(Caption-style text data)
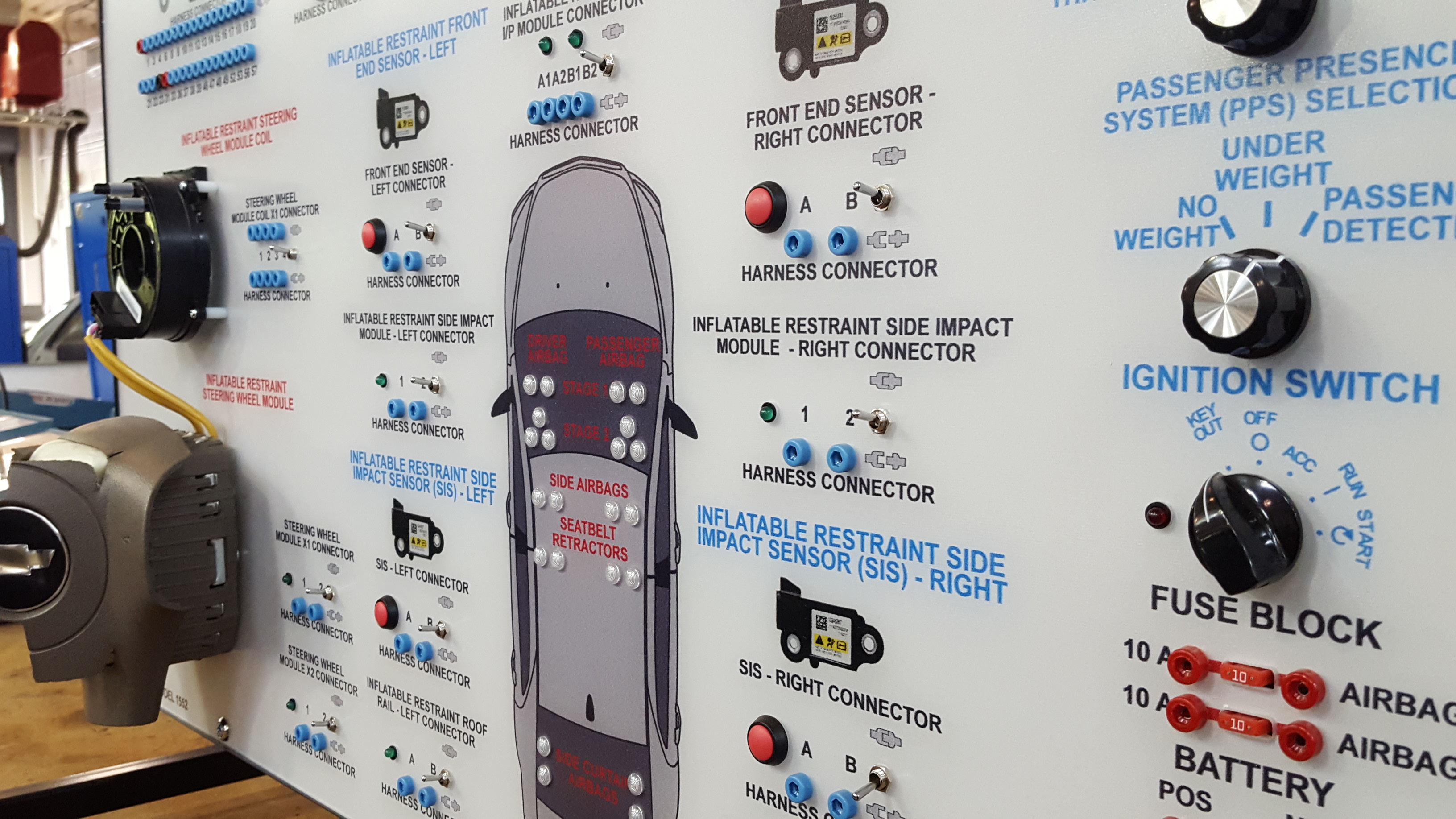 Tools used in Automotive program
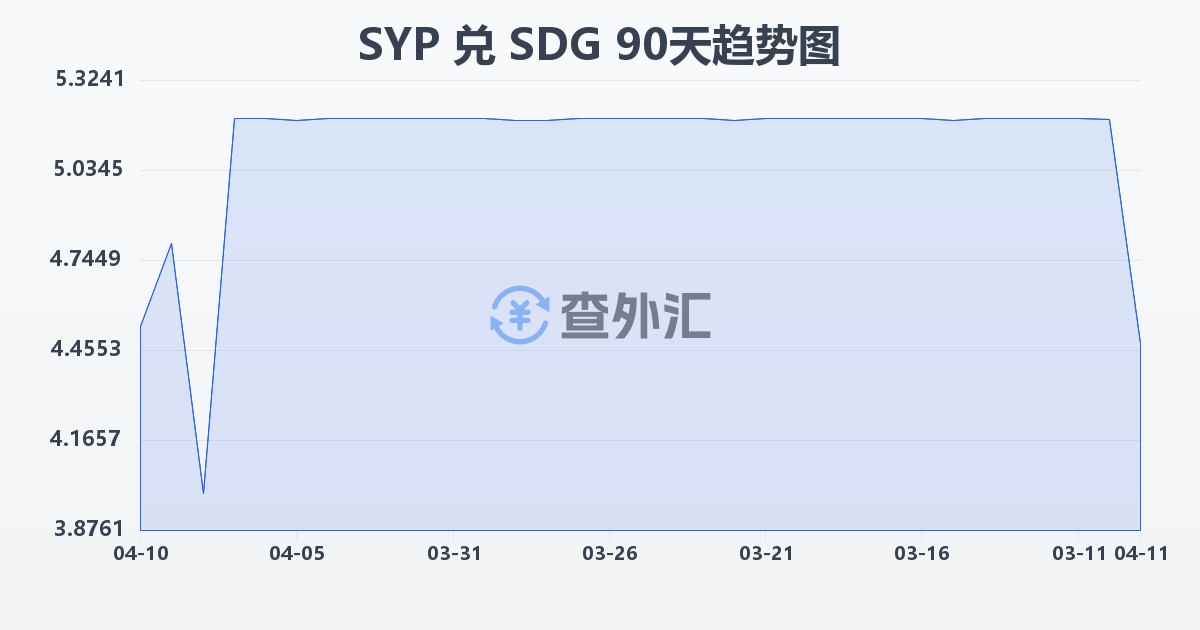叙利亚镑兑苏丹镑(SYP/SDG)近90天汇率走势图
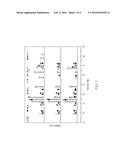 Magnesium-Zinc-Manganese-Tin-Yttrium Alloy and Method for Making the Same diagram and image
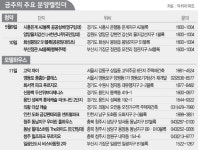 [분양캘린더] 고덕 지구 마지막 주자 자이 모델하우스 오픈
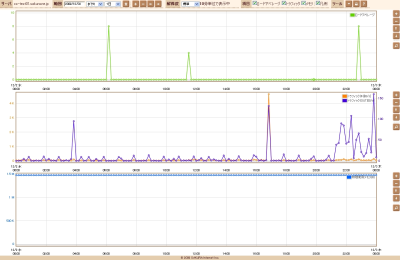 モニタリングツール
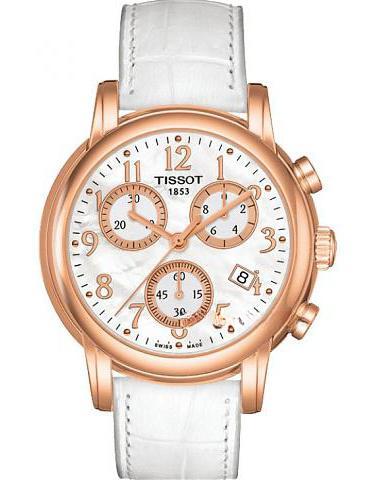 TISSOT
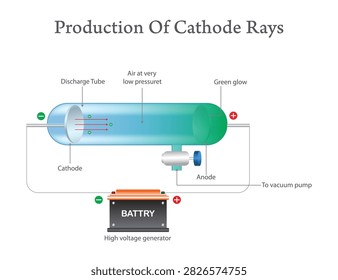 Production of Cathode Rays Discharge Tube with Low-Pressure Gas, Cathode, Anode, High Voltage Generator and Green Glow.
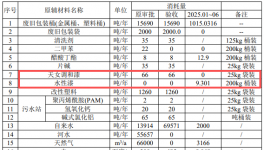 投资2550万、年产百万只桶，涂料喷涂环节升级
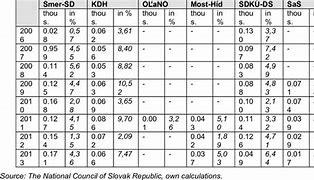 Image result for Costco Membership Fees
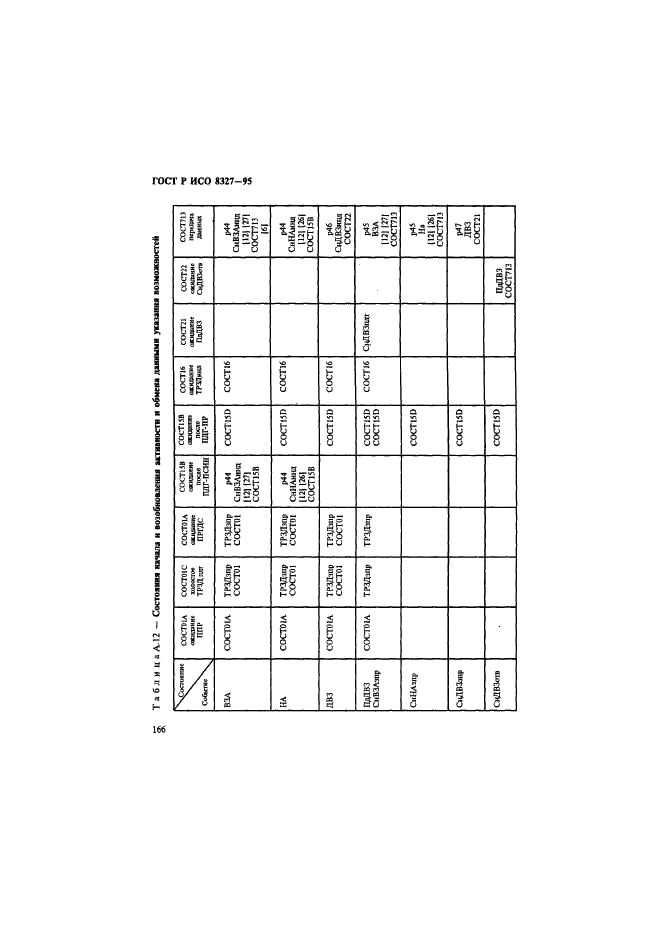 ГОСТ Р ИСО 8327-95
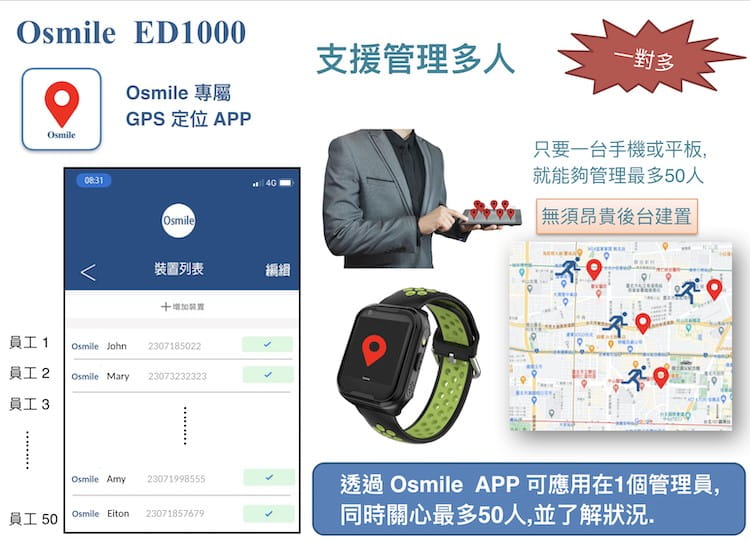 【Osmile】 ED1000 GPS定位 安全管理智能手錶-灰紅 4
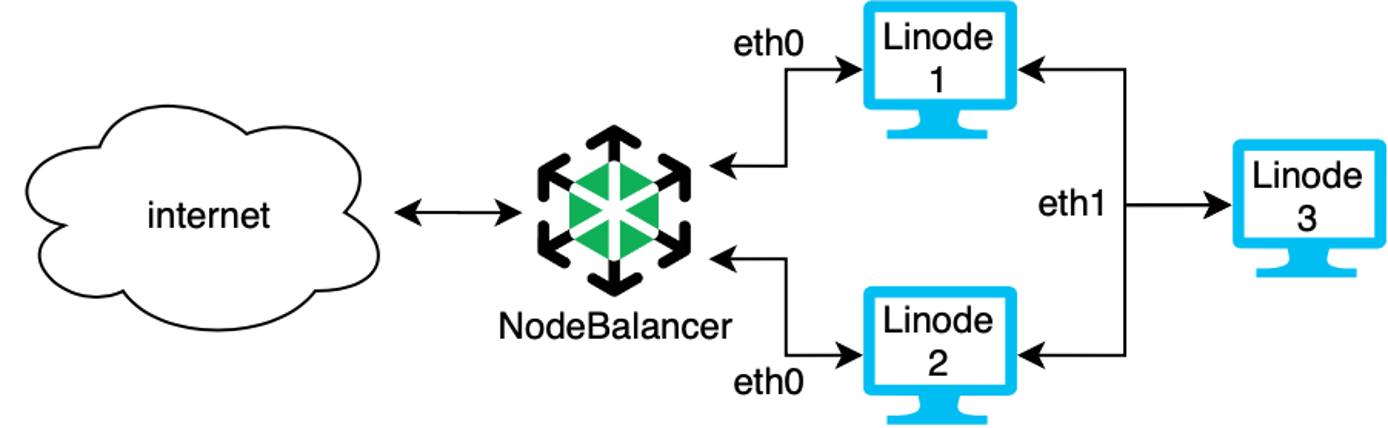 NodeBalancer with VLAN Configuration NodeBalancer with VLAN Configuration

- [Problem description]
Could you reproduce the records above exactly, leaving out the pictures?

- [The answer]
 Tools used in Automotive program
叙利亚镑兑苏丹镑(SYP/SDG)近90天汇率走势图
 Magnesium-Zinc-Manganese-Tin-Yttrium Alloy and Method for Making the Same diagram and image
 [분양캘린더] 고덕 지구 마지막 주자 자이 모델하우스 오픈
 モニタリングツール
 TISSOT
 Production of Cathode Rays Discharge Tube with Low-Pressure Gas, Cathode, Anode, High Voltage Generator and Green Glow.
 投资2550万、年产百万只桶，涂料喷涂环节升级
 Image result for Costco Membership Fees
 ГОСТ Р ИСО 8327-95
 【Osmile】 ED1000 GPS定位 安全管理智能手錶-灰紅 4
 NodeBalancer with VLAN Configuration NodeBalancer with VLAN Configuration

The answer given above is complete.